Excerpts from a dataset:
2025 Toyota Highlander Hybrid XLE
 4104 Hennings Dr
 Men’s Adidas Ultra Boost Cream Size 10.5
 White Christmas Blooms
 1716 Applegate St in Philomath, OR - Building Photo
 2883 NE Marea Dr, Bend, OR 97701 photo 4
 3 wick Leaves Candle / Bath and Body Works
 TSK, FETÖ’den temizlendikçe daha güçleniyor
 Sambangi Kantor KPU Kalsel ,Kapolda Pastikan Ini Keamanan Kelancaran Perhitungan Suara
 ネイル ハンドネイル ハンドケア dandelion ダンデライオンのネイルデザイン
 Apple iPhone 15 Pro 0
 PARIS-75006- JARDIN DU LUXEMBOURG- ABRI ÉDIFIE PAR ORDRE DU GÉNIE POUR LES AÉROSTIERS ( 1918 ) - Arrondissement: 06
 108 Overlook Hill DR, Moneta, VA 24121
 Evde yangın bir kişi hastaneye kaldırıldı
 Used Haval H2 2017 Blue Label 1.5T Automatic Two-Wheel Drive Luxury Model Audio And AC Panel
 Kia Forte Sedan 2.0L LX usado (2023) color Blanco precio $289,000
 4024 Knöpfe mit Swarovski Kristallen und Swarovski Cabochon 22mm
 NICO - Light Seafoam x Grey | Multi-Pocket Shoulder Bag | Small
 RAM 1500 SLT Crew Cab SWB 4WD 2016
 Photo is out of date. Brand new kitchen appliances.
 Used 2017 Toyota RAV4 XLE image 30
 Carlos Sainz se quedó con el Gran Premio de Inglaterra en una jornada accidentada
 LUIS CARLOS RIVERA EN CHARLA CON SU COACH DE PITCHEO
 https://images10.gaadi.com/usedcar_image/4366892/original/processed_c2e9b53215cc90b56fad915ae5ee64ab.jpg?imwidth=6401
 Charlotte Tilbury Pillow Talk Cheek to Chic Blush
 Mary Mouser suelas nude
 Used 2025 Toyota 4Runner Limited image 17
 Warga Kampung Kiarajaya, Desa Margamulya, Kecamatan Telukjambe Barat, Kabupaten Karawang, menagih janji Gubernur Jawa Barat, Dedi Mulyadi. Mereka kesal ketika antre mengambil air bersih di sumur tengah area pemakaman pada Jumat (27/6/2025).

REQUIRED WORK -
Nothing beyond the lines from the start of the entries through the line with "Used Haval H2" should appear. Repeat those lines exactly, both ends included.

EXERCISE RESPONSE -
2025 Toyota Highlander Hybrid XLE
 4104 Hennings Dr
 Men’s Adidas Ultra Boost Cream Size 10.5
 White Christmas Blooms
 1716 Applegate St in Philomath, OR - Building Photo
 2883 NE Marea Dr, Bend, OR 97701 photo 4
 3 wick Leaves Candle / Bath and Body Works
 TSK, FETÖ’den temizlendikçe daha güçleniyor
 Sambangi Kantor KPU Kalsel ,Kapolda Pastikan Ini Keamanan Kelancaran Perhitungan Suara
 ネイル ハンドネイル ハンドケア dandelion ダンデライオンのネイルデザイン
 Apple iPhone 15 Pro 0
 PARIS-75006- JARDIN DU LUXEMBOURG- ABRI ÉDIFIE PAR ORDRE DU GÉNIE POUR LES AÉROSTIERS ( 1918 ) - Arrondissement: 06
 108 Overlook Hill DR, Moneta, VA 24121
 Evde yangın bir kişi hastaneye kaldırıldı
 Used Haval H2 2017 Blue Label 1.5T Automatic Two-Wheel Drive Luxury Model Audio And AC Panel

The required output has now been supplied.